--- Given entries ---
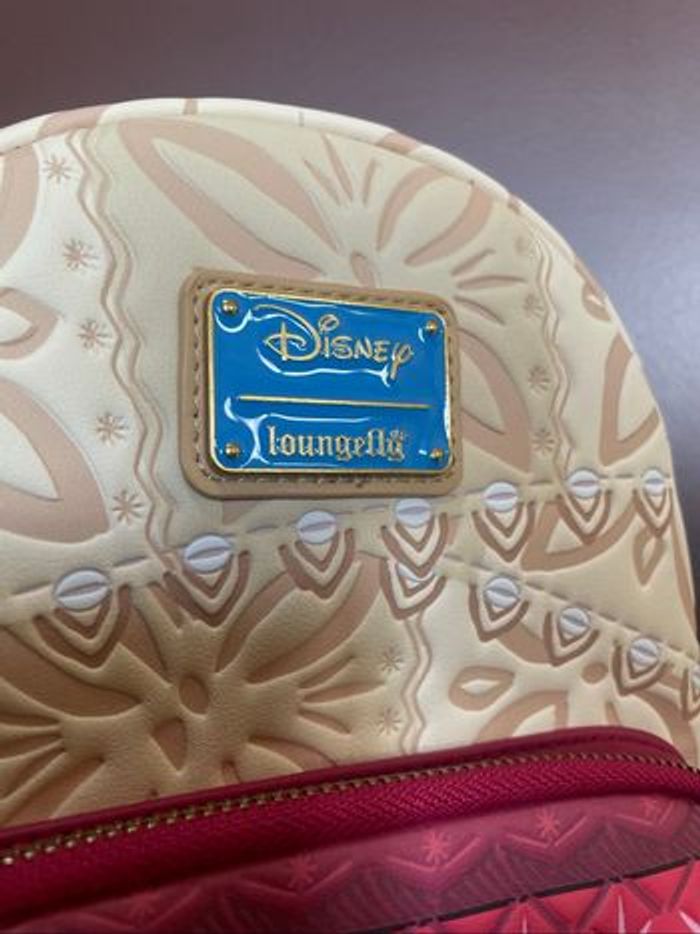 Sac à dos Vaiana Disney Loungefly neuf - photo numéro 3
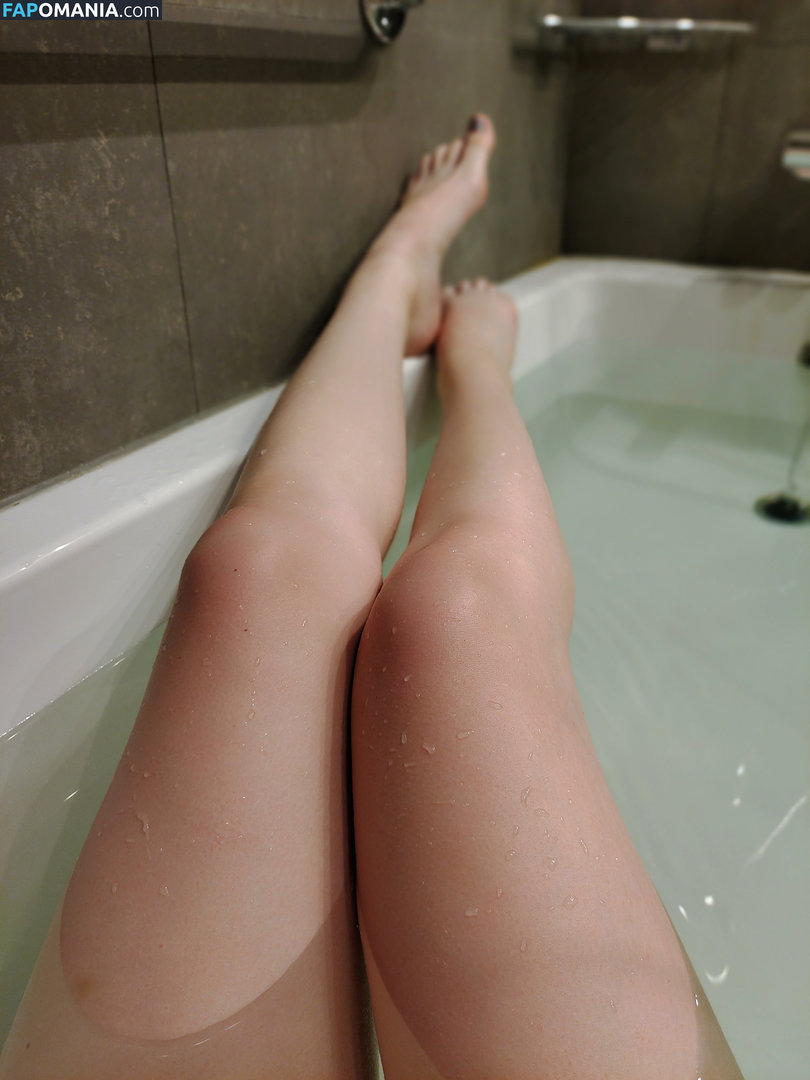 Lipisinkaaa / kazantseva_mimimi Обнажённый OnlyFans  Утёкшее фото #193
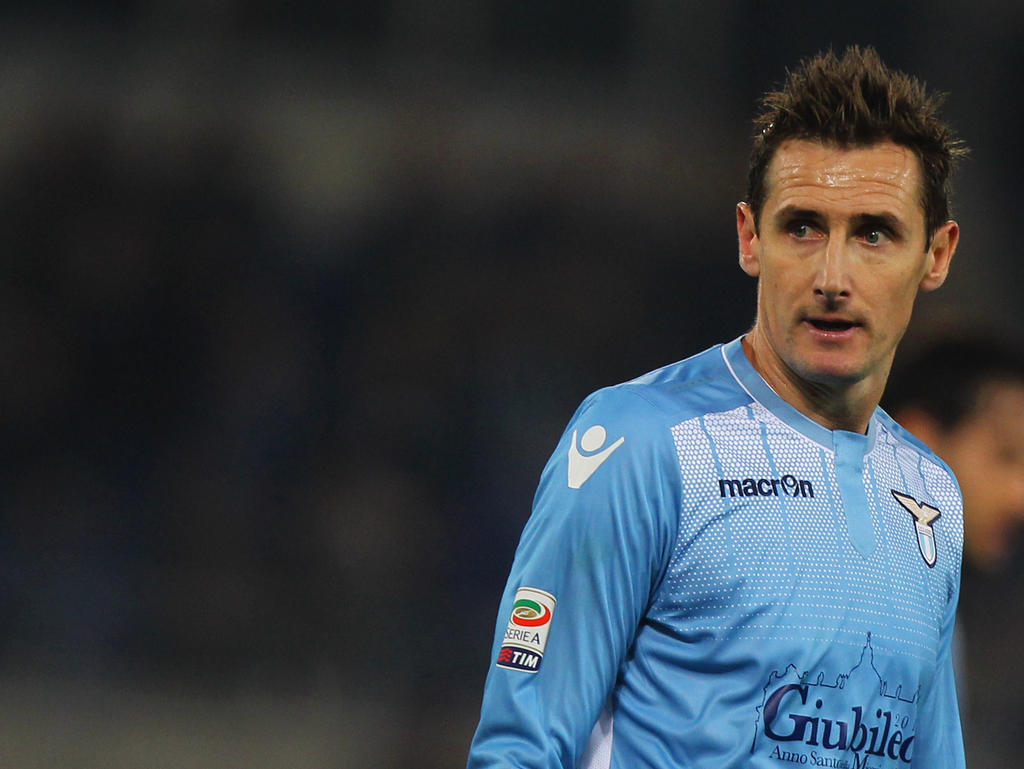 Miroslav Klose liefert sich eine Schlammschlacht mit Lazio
---
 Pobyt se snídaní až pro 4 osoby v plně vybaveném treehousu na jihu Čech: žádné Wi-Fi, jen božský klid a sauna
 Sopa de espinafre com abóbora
--
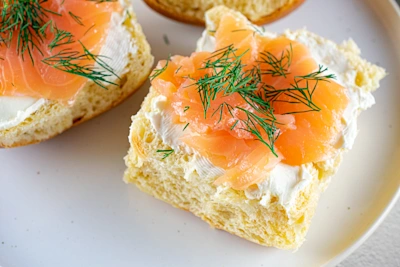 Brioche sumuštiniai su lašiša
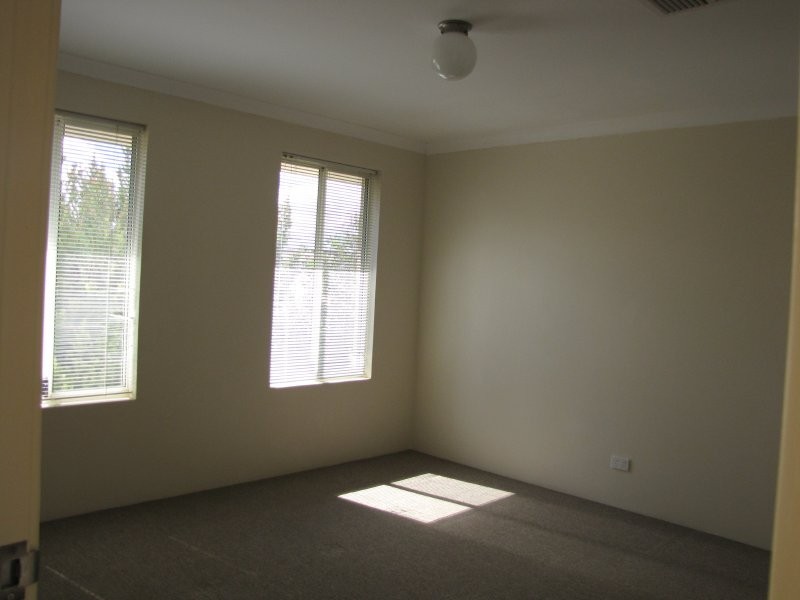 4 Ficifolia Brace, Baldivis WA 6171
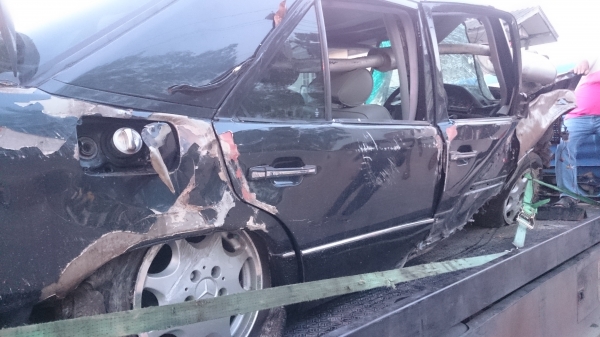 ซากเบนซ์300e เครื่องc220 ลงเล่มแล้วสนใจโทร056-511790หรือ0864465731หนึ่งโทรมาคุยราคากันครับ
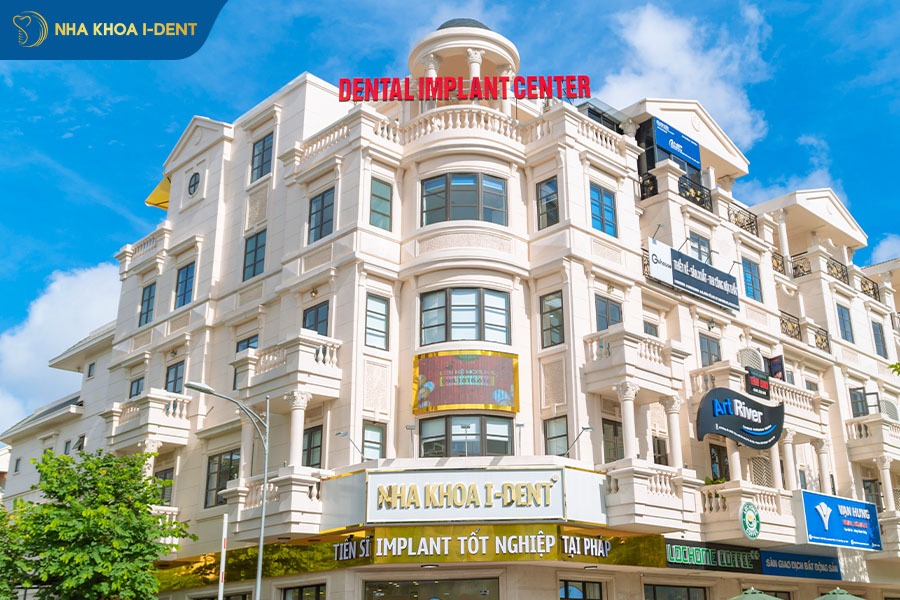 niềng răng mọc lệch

--- What you need to do ---
What you return must match the lines above from the one with "Brioche sumuštiniai su lašiša" through the one with "niềng răng mọc lệch" exactly, with both ends included and the pictures excluded.

--- Solution to the problem ---
 Brioche sumuštiniai su lašiša
 4 Ficifolia Brace, Baldivis WA 6171
 ซากเบนซ์300e เครื่องc220 ลงเล่มแล้วสนใจโทร056-511790หรือ0864465731หนึ่งโทรมาคุยราคากันครับ
 niềng răng mọc lệch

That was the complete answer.